━━ Available data

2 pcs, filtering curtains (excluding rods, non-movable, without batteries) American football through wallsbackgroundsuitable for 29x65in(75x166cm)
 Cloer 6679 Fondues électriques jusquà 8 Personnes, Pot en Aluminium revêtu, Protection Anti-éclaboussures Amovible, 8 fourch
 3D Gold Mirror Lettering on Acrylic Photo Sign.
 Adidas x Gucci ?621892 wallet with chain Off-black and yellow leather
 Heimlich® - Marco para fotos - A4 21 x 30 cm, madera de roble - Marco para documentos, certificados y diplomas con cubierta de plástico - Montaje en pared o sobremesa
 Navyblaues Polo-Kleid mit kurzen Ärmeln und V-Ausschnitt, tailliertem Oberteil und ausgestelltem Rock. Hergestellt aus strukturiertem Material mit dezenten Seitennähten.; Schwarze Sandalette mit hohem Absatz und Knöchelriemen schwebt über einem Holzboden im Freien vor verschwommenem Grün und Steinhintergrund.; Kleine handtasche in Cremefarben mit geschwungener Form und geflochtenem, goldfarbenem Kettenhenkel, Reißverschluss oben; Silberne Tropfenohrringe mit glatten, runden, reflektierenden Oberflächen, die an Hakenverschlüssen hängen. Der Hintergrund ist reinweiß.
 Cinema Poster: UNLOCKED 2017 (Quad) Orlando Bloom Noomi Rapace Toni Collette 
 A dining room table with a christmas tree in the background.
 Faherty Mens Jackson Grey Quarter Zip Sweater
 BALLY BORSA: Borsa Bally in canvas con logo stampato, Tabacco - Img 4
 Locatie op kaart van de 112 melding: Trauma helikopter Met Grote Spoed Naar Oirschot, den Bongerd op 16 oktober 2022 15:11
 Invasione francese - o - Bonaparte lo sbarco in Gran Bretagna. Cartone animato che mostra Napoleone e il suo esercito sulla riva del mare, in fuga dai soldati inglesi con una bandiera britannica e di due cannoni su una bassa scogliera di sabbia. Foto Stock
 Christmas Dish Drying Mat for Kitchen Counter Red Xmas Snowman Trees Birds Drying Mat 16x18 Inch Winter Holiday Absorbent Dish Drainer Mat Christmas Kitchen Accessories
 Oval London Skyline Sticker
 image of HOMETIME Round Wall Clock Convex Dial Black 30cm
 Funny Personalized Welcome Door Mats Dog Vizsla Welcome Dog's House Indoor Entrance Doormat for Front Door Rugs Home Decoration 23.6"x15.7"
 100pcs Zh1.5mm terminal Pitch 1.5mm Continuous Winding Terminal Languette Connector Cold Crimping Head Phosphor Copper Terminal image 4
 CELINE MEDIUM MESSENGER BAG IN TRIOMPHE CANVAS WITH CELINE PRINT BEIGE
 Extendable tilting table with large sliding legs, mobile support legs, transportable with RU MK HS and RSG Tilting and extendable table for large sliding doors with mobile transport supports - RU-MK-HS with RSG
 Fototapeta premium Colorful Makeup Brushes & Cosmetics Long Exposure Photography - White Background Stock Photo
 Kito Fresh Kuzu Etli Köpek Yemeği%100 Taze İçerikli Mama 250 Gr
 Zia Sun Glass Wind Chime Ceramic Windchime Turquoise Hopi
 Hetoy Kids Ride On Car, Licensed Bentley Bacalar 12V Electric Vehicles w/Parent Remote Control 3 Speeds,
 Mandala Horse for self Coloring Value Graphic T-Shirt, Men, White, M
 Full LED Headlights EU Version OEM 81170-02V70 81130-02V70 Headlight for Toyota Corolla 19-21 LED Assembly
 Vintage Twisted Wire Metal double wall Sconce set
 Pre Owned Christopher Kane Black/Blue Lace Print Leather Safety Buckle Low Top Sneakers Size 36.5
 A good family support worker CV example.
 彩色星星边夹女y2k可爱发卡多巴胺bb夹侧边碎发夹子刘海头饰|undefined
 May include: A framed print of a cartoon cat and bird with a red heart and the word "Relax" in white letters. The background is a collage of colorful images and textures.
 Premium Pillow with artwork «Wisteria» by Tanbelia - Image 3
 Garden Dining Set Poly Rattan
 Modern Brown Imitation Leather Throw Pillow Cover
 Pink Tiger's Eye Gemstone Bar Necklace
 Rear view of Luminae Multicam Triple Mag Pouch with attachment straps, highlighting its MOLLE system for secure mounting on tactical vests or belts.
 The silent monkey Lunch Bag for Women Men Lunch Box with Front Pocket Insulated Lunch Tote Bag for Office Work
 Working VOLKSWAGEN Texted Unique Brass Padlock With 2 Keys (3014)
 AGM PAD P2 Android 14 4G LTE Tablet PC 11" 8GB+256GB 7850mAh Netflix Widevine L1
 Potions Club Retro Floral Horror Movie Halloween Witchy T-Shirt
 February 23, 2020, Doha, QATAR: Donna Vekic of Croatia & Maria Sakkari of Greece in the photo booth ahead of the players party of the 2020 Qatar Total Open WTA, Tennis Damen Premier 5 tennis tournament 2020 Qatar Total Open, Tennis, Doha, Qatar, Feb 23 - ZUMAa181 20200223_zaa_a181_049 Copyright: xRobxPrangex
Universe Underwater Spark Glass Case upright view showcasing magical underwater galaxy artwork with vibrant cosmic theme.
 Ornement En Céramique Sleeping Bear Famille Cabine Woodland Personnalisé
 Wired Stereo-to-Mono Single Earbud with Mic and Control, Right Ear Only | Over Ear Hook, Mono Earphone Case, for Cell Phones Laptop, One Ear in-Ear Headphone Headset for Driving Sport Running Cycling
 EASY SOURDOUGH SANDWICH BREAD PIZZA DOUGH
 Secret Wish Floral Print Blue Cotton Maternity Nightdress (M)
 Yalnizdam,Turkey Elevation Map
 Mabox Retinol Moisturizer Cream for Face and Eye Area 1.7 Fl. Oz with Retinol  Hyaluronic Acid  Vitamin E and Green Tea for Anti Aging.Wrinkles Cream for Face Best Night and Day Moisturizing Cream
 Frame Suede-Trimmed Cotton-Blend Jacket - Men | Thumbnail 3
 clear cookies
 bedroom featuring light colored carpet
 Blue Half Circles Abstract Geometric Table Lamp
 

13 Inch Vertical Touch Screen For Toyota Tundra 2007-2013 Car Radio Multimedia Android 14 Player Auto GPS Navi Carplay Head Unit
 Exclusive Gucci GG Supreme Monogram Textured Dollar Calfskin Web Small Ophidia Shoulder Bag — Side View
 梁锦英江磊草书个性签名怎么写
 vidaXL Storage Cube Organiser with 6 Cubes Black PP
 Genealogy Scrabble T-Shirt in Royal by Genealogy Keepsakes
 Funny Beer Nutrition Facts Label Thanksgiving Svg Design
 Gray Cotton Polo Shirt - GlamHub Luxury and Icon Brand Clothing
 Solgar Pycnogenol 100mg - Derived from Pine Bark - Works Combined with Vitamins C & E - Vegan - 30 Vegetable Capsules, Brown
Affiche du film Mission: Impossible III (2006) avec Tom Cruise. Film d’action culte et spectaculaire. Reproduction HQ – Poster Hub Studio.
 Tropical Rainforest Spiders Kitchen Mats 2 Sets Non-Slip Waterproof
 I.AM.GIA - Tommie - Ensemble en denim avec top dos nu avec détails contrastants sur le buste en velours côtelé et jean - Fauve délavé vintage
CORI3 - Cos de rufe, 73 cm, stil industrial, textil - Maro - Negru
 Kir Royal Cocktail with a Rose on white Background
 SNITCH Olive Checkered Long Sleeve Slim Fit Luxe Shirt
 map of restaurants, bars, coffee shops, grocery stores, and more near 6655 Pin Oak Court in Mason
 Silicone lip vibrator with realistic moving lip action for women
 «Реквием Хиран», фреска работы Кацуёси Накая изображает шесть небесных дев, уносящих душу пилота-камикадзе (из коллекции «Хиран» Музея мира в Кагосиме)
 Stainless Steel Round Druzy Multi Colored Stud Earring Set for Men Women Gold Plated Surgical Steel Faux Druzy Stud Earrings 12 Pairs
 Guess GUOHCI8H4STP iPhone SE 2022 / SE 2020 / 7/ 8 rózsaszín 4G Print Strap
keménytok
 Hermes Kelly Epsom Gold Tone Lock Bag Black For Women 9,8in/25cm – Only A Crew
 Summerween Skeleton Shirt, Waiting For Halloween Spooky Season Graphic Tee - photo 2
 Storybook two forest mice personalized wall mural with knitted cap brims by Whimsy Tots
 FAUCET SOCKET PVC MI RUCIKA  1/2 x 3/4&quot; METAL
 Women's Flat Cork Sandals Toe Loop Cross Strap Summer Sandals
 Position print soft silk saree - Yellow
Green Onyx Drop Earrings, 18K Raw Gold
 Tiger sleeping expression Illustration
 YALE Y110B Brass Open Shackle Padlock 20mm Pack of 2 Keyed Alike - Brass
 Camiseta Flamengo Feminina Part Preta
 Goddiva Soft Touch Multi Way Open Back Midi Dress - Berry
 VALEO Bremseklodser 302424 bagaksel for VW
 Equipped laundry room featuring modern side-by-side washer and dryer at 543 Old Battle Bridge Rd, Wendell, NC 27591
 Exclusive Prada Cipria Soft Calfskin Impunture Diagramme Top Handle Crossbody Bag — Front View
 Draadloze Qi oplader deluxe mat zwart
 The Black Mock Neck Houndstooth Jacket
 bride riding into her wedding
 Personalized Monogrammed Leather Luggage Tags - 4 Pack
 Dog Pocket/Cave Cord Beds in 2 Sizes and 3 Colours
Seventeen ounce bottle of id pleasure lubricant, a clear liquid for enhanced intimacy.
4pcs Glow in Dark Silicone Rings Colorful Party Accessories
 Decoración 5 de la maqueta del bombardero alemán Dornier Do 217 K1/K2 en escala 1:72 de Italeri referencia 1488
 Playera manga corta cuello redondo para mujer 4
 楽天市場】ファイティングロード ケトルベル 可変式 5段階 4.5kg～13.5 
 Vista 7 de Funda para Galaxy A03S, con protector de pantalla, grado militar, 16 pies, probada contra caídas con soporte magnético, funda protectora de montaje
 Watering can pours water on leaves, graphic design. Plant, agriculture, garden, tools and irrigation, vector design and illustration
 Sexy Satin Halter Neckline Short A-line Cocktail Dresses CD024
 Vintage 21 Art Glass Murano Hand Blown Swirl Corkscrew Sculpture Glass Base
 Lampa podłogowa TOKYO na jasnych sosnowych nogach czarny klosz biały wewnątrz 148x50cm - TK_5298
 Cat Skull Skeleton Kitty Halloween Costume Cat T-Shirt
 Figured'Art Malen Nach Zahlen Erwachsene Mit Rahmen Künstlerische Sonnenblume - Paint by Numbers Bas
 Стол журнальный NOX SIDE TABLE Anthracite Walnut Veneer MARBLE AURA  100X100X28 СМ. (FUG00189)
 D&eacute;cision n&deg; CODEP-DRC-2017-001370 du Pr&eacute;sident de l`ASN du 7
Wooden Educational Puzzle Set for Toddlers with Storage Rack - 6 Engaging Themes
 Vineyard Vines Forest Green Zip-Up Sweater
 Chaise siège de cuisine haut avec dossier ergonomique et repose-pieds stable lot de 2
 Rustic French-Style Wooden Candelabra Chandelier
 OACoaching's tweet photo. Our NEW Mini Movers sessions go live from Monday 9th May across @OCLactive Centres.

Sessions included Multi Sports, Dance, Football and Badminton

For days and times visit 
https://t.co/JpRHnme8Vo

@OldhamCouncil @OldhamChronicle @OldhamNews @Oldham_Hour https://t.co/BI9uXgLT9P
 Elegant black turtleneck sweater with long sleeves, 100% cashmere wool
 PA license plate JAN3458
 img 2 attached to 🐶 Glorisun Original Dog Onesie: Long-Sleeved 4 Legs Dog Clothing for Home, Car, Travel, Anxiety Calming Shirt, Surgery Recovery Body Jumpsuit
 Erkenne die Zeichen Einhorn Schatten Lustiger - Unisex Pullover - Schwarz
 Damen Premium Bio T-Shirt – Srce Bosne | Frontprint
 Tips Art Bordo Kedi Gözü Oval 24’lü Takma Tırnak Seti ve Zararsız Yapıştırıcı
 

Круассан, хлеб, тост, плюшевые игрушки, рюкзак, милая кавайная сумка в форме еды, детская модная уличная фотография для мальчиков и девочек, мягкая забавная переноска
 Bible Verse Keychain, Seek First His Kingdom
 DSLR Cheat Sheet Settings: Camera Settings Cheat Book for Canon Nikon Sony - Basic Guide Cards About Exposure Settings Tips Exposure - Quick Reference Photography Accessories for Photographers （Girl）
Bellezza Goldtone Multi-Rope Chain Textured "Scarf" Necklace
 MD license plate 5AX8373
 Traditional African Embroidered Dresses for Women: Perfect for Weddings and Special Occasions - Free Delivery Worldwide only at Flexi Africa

━━━━

#### [To do]
Starting with the first line of the listing above, copy each line exactly until you have copied the line containing "Heimlich® - Marco". Stop there.

#### [Task response]
2 pcs, filtering curtains (excluding rods, non-movable, without batteries) American football through wallsbackgroundsuitable for 29x65in(75x166cm)
 Cloer 6679 Fondues électriques jusquà 8 Personnes, Pot en Aluminium revêtu, Protection Anti-éclaboussures Amovible, 8 fourch
 3D Gold Mirror Lettering on Acrylic Photo Sign.
 Adidas x Gucci ?621892 wallet with chain Off-black and yellow leather
 Heimlich® - Marco para fotos - A4 21 x 30 cm, madera de roble - Marco para documentos, certificados y diplomas con cubierta de plástico - Montaje en pared o sobremesa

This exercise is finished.